You should verify that the value of the counter is proportional to the number of users. Thus it should grow linearly if you scale the number of users linearly. If the machine becomes overloaded, then you may see that the counter does not grow linearly when you increase the number of users.
The value of the counter may vary quite a lot over time if you measure on actual production data. However, if you simulate the data and it actually updates every second, then you can calculate what you expect the value to be and check that it has the expected value.
Simple visualizations will generate one query. If the result of that query is updated every second, then the value of the counter should be the number of visualizations on the page multiplied by the number of users.
Note that the map chart generates multiple queries and that filters and brush linking also generate queries, so it is not always possible to estimate the value of the counter easily.
Renderings per second
Another counter that you should verify is "Visualization renderings per second". You should verify that the value of the counter is proportional to the number of users. Thus it should grow linearly if you scale the number of users linearly. If the machine becomes overloaded, then you will see that the counter does not grow linearly when you increase the number of users.
The counter often corresponds directly to "# streaming property updates per second" if the web player is not overloaded. If the web player system gets overloaded, then it will skip renderings and this counter will fall behind "#streaming property updates per second".
Note that if you use a filter then "Visualization renderings per second" may not directly correspond to "# streaming property updates per second" because the query for rendering the filter affects "# streaming property updates per second", but it does not lead to a visualization rendering.
CPU load
The counter "Web Player average processor %" shows the amount of CPU that the web player process consumes and the counter "Total average processor %" shows the total amount of CPU that is consumed on that machine. These counters should normally grow linearly with the 3 number of users. It may be the case that they grow super linear when the CPU load gets close to a 100%.

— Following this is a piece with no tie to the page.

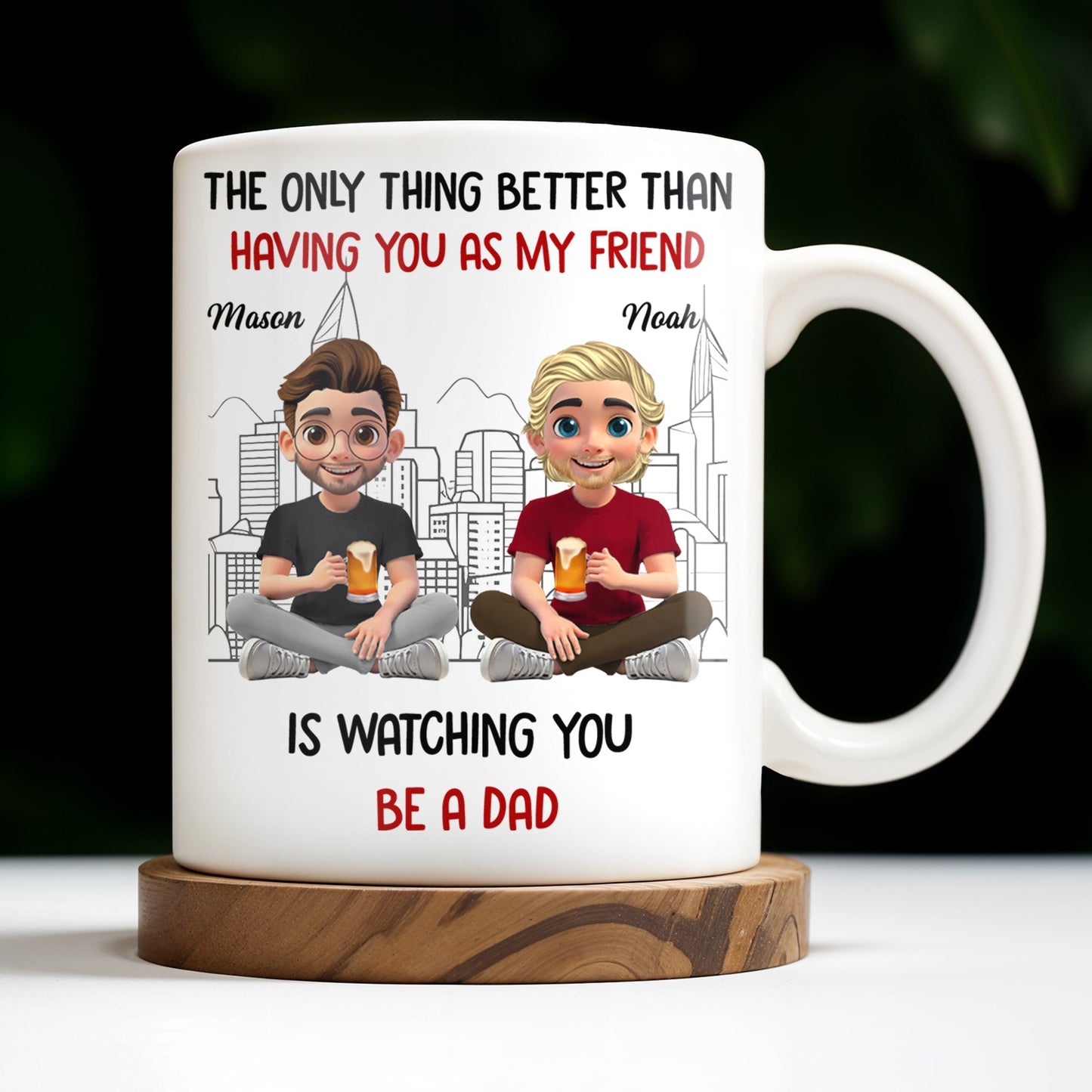 The Only Thing Better Than Having You As My Friend Is Watching You Be A Dad, Friends And Coffee Mugs - Personalized Custom Coffee Mug - BST171_MG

It can be the case that the value of the counter grows sublinear and never gets close to a 100% CPU even if the number of users is increased. If that is the case, you will see that "Visualization renderings per second" does not grow as expected when the number of users increase. This is a sign of contention and often happens on powerful machine with many cores. If this happens, then you should try to increase the number of web player services that run on that machine.
Available Memory
You may also want to look at the counter "Available Bytes". If this counter becomes too low then you have too little memory. At 15% available, Spotfire starts to page out data (and possibly paging in data that is really needed at the same time) and when getting even lower, Windows will start paging and the system will work very poorly. In those cases the system will not be able to perform well and you cannot draw any accurate conclusions about CPU usage.
You can also use this counter to estimate the amount of memory that you will need. When you do your simulations, then we recommend that all users have their browser tab visible. However, in real life you will likely have users who temporarily have their browser tab hidden. You want to make sure that there is enough memory available for those users.
Spotfire Server (TSS) Hardware
In general, in web player scenarios, each interaction generates requests to and from a web player that passes through the TSS instances. In a streaming scenario, each update can be seen as an interaction, thus increasing the traffic that the TSS instances need to handle. This traffic mainly consumes network and CPU, some memory and generates a few or no additional database queries to the TSS database.
TSS database queries related to the web player are typically performed when a user logs in, opens and saves an analysis file, but since the database is such a crucial part of the system, it is important to monitor how increased traffic affects the database.
Above a certain threshold, the TSS typically doesn’t make effective use of more memory for web player traffic, so when the concurrent traffic increases, the number of cores and CPU single thread performance become more important.
Similarly, it is usually better to increase the number of TSS instances and having a load balancer that the users connect through, than having one machine with “too many” cores, e.g. > 16, if such a machine comes with a larger amount of memory that is not used much by web player traffic as discussed above.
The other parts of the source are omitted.